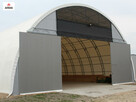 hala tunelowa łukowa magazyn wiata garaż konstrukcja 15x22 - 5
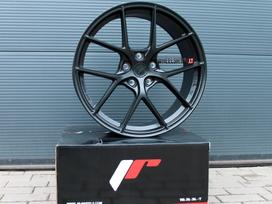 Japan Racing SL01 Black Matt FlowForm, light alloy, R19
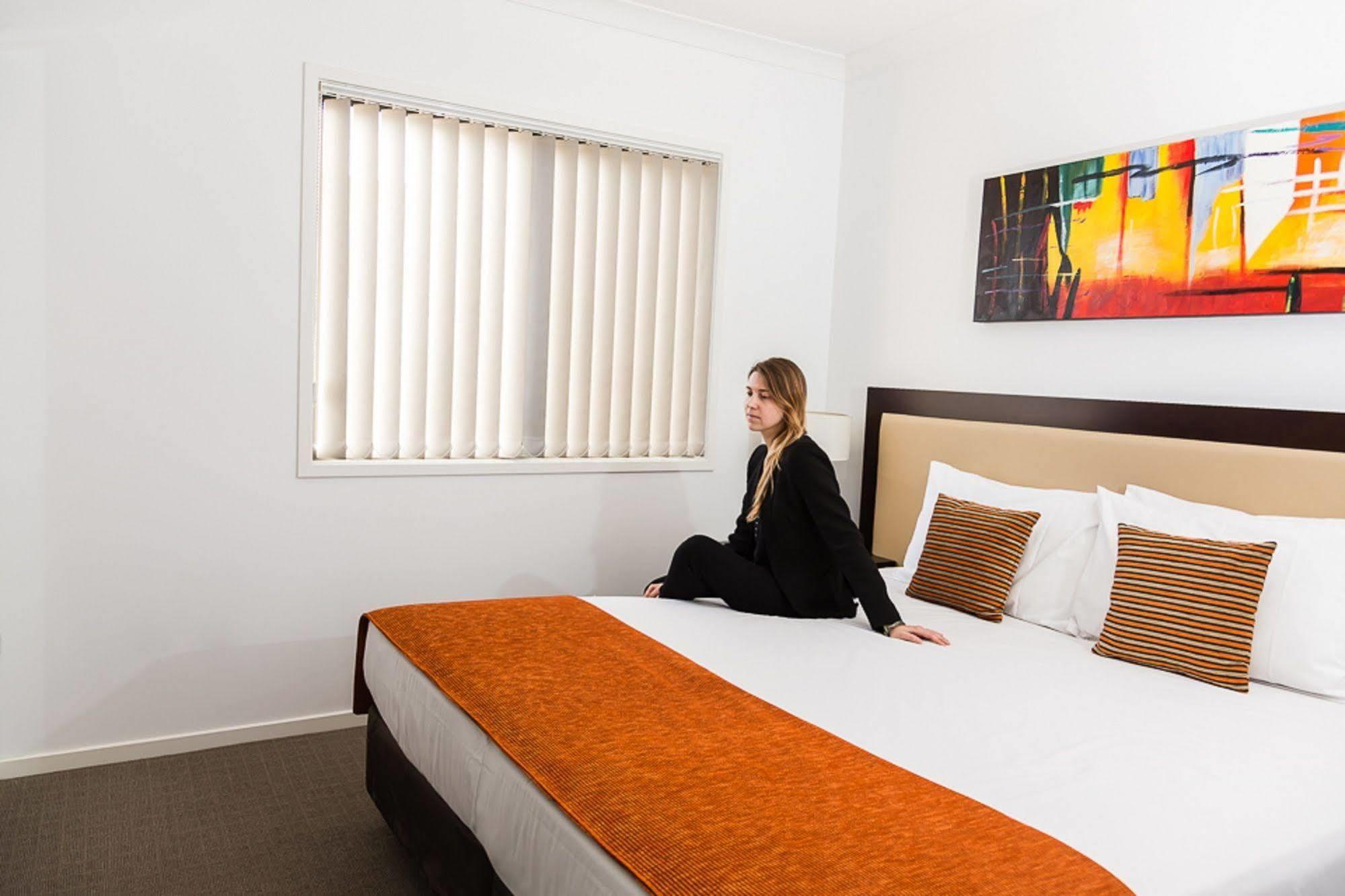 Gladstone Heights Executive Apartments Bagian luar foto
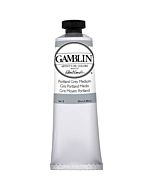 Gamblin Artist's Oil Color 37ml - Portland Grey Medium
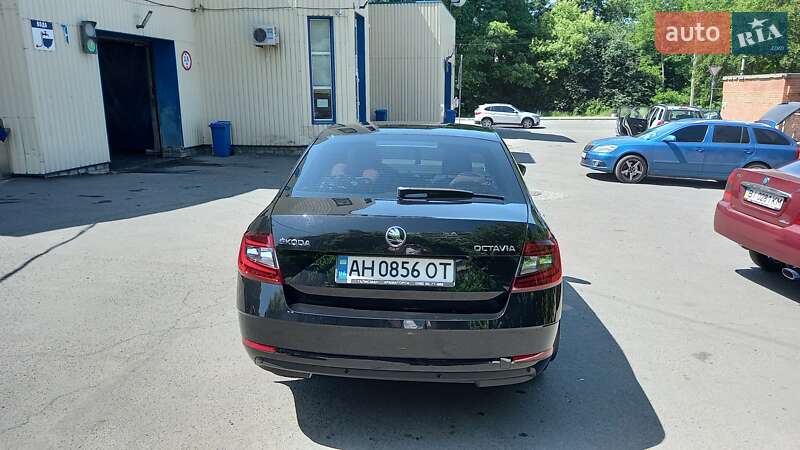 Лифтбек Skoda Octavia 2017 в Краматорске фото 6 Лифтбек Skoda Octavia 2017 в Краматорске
----
EXERCISE: Exact copy, pictures excluded: restate every record above word for word.

RESULT FOR THIS TASK:
 hala tunelowa łukowa magazyn wiata garaż konstrukcja 15x22 - 5
 Japan Racing SL01 Black Matt FlowForm, light alloy, R19
 Gladstone Heights Executive Apartments Bagian luar foto
 Gamblin Artist's Oil Color 37ml - Portland Grey Medium
 Лифтбек Skoda Octavia 2017 в Краматорске фото 6 Лифтбек Skoda Octavia 2017 в Краматорске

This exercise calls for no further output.